Short descriptive text snippets:
+++++

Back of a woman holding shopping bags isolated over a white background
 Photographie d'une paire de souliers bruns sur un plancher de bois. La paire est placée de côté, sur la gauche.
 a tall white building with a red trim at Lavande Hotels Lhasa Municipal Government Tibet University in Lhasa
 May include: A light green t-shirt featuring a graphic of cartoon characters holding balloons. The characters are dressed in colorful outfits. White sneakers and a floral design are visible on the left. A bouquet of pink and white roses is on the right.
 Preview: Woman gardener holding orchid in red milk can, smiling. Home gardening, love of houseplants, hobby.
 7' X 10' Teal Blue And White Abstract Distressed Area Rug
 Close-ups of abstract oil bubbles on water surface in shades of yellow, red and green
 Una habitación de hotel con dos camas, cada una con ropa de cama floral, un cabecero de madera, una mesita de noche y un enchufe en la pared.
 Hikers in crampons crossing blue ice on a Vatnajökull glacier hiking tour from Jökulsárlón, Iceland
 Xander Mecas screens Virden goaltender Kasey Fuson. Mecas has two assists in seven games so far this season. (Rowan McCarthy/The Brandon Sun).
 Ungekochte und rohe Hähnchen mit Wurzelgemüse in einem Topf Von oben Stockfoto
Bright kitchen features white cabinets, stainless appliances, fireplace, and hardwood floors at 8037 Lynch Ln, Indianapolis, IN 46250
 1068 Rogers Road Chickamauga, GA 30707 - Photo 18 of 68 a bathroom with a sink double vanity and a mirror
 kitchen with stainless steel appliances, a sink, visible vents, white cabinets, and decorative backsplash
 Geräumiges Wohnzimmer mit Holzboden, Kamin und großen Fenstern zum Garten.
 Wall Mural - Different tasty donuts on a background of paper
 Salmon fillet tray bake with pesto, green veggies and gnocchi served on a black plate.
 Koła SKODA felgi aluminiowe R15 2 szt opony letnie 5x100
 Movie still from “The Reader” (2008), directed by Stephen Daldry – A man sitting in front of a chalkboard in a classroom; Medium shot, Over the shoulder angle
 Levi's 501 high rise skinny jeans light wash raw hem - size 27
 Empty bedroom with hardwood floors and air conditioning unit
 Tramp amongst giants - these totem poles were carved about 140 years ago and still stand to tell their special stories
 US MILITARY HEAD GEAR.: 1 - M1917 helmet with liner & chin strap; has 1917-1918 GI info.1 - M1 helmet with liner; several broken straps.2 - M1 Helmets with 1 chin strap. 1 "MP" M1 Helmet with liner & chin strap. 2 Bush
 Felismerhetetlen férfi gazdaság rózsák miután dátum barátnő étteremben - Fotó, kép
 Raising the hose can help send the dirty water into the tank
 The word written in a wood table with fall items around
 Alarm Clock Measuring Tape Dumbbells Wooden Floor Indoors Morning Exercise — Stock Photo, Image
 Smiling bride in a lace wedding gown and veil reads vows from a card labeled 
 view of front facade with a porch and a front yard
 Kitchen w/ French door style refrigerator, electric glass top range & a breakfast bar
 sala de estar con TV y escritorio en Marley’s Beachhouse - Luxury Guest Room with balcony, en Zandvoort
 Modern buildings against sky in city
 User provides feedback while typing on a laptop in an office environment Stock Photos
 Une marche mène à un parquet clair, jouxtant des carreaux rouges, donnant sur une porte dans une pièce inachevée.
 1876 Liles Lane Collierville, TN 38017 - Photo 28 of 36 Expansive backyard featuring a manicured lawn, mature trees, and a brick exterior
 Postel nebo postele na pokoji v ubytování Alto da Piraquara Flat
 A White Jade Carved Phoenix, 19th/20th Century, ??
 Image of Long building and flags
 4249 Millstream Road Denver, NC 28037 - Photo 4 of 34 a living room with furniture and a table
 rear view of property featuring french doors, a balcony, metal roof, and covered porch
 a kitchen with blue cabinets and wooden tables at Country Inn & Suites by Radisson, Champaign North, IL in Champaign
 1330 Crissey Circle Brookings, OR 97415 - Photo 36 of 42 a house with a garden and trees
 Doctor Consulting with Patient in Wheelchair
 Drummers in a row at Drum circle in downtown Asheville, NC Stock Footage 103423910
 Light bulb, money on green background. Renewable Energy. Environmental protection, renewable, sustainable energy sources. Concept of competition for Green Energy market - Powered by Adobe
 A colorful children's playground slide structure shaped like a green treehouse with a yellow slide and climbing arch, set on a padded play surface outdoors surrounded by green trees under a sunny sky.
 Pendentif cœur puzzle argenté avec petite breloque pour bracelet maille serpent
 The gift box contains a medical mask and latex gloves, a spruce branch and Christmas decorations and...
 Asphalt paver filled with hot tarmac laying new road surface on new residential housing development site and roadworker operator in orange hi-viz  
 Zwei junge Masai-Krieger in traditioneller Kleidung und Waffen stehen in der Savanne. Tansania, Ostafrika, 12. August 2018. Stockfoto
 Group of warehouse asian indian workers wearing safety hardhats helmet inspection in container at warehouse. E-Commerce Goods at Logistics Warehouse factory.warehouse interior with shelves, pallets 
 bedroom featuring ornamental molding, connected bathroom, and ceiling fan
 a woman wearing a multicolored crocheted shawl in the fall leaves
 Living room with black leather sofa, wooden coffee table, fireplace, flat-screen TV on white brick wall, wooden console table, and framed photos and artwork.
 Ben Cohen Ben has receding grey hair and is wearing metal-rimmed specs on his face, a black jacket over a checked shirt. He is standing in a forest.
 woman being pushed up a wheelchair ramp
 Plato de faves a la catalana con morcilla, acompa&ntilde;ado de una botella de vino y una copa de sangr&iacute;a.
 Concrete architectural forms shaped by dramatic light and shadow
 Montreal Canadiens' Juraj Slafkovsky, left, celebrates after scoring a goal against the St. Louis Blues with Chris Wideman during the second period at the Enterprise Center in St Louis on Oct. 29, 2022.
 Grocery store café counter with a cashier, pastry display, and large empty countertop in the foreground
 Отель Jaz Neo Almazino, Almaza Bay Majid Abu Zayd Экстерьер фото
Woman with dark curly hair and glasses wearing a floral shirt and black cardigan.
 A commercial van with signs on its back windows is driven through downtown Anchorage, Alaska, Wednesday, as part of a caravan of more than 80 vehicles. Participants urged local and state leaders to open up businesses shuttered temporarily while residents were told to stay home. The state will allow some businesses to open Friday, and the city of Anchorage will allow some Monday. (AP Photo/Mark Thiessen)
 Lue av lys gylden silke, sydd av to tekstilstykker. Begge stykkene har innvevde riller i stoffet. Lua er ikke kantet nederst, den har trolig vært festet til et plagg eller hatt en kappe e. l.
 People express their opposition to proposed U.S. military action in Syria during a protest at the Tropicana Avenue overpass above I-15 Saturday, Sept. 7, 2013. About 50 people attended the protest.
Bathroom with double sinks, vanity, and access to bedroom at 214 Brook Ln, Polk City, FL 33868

+++++

What needs to be done:
All the lines above must appear again in the answer, word for word.

Task answer:
Back of a woman holding shopping bags isolated over a white background
 Photographie d'une paire de souliers bruns sur un plancher de bois. La paire est placée de côté, sur la gauche.
 a tall white building with a red trim at Lavande Hotels Lhasa Municipal Government Tibet University in Lhasa
 May include: A light green t-shirt featuring a graphic of cartoon characters holding balloons. The characters are dressed in colorful outfits. White sneakers and a floral design are visible on the left. A bouquet of pink and white roses is on the right.
 Preview: Woman gardener holding orchid in red milk can, smiling. Home gardening, love of houseplants, hobby.
 7' X 10' Teal Blue And White Abstract Distressed Area Rug
 Close-ups of abstract oil bubbles on water surface in shades of yellow, red and green
 Una habitación de hotel con dos camas, cada una con ropa de cama floral, un cabecero de madera, una mesita de noche y un enchufe en la pared.
 Hikers in crampons crossing blue ice on a Vatnajökull glacier hiking tour from Jökulsárlón, Iceland
 Xander Mecas screens Virden goaltender Kasey Fuson. Mecas has two assists in seven games so far this season. (Rowan McCarthy/The Brandon Sun).
 Ungekochte und rohe Hähnchen mit Wurzelgemüse in einem Topf Von oben Stockfoto
Bright kitchen features white cabinets, stainless appliances, fireplace, and hardwood floors at 8037 Lynch Ln, Indianapolis, IN 46250
 1068 Rogers Road Chickamauga, GA 30707 - Photo 18 of 68 a bathroom with a sink double vanity and a mirror
 kitchen with stainless steel appliances, a sink, visible vents, white cabinets, and decorative backsplash
 Geräumiges Wohnzimmer mit Holzboden, Kamin und großen Fenstern zum Garten.
 Wall Mural - Different tasty donuts on a background of paper
 Salmon fillet tray bake with pesto, green veggies and gnocchi served on a black plate.
 Koła SKODA felgi aluminiowe R15 2 szt opony letnie 5x100
 Movie still from “The Reader” (2008), directed by Stephen Daldry – A man sitting in front of a chalkboard in a classroom; Medium shot, Over the shoulder angle
 Levi's 501 high rise skinny jeans light wash raw hem - size 27
 Empty bedroom with hardwood floors and air conditioning unit
 Tramp amongst giants - these totem poles were carved about 140 years ago and still stand to tell their special stories
 US MILITARY HEAD GEAR.: 1 - M1917 helmet with liner & chin strap; has 1917-1918 GI info.1 - M1 helmet with liner; several broken straps.2 - M1 Helmets with 1 chin strap. 1 "MP" M1 Helmet with liner & chin strap. 2 Bush
 Felismerhetetlen férfi gazdaság rózsák miután dátum barátnő étteremben - Fotó, kép
 Raising the hose can help send the dirty water into the tank
 The word written in a wood table with fall items around
 Alarm Clock Measuring Tape Dumbbells Wooden Floor Indoors Morning Exercise — Stock Photo, Image
 Smiling bride in a lace wedding gown and veil reads vows from a card labeled 
 view of front facade with a porch and a front yard
 Kitchen w/ French door style refrigerator, electric glass top range & a breakfast bar
 sala de estar con TV y escritorio en Marley’s Beachhouse - Luxury Guest Room with balcony, en Zandvoort
 Modern buildings against sky in city
 User provides feedback while typing on a laptop in an office environment Stock Photos
 Une marche mène à un parquet clair, jouxtant des carreaux rouges, donnant sur une porte dans une pièce inachevée.
 1876 Liles Lane Collierville, TN 38017 - Photo 28 of 36 Expansive backyard featuring a manicured lawn, mature trees, and a brick exterior
 Postel nebo postele na pokoji v ubytování Alto da Piraquara Flat
 A White Jade Carved Phoenix, 19th/20th Century, ??
 Image of Long building and flags
 4249 Millstream Road Denver, NC 28037 - Photo 4 of 34 a living room with furniture and a table
 rear view of property featuring french doors, a balcony, metal roof, and covered porch
 a kitchen with blue cabinets and wooden tables at Country Inn & Suites by Radisson, Champaign North, IL in Champaign
 1330 Crissey Circle Brookings, OR 97415 - Photo 36 of 42 a house with a garden and trees
 Doctor Consulting with Patient in Wheelchair
 Drummers in a row at Drum circle in downtown Asheville, NC Stock Footage 103423910
 Light bulb, money on green background. Renewable Energy. Environmental protection, renewable, sustainable energy sources. Concept of competition for Green Energy market - Powered by Adobe
 A colorful children's playground slide structure shaped like a green treehouse with a yellow slide and climbing arch, set on a padded play surface outdoors surrounded by green trees under a sunny sky.
 Pendentif cœur puzzle argenté avec petite breloque pour bracelet maille serpent
 The gift box contains a medical mask and latex gloves, a spruce branch and Christmas decorations and...
 Asphalt paver filled with hot tarmac laying new road surface on new residential housing development site and roadworker operator in orange hi-viz  
 Zwei junge Masai-Krieger in traditioneller Kleidung und Waffen stehen in der Savanne. Tansania, Ostafrika, 12. August 2018. Stockfoto
 Group of warehouse asian indian workers wearing safety hardhats helmet inspection in container at warehouse. E-Commerce Goods at Logistics Warehouse factory.warehouse interior with shelves, pallets 
 bedroom featuring ornamental molding, connected bathroom, and ceiling fan
 a woman wearing a multicolored crocheted shawl in the fall leaves
 Living room with black leather sofa, wooden coffee table, fireplace, flat-screen TV on white brick wall, wooden console table, and framed photos and artwork.
 Ben Cohen Ben has receding grey hair and is wearing metal-rimmed specs on his face, a black jacket over a checked shirt. He is standing in a forest.
 woman being pushed up a wheelchair ramp
 Plato de faves a la catalana con morcilla, acompa&ntilde;ado de una botella de vino y una copa de sangr&iacute;a.
 Concrete architectural forms shaped by dramatic light and shadow
 Montreal Canadiens' Juraj Slafkovsky, left, celebrates after scoring a goal against the St. Louis Blues with Chris Wideman during the second period at the Enterprise Center in St Louis on Oct. 29, 2022.
 Grocery store café counter with a cashier, pastry display, and large empty countertop in the foreground
 Отель Jaz Neo Almazino, Almaza Bay Majid Abu Zayd Экстерьер фото
Woman with dark curly hair and glasses wearing a floral shirt and black cardigan.
 A commercial van with signs on its back windows is driven through downtown Anchorage, Alaska, Wednesday, as part of a caravan of more than 80 vehicles. Participants urged local and state leaders to open up businesses shuttered temporarily while residents were told to stay home. The state will allow some businesses to open Friday, and the city of Anchorage will allow some Monday. (AP Photo/Mark Thiessen)
 Lue av lys gylden silke, sydd av to tekstilstykker. Begge stykkene har innvevde riller i stoffet. Lua er ikke kantet nederst, den har trolig vært festet til et plagg eller hatt en kappe e. l.
 People express their opposition to proposed U.S. military action in Syria during a protest at the Tropicana Avenue overpass above I-15 Saturday, Sept. 7, 2013. About 50 people attended the protest.
Bathroom with double sinks, vanity, and access to bedroom at 214 Brook Ln, Polk City, FL 33868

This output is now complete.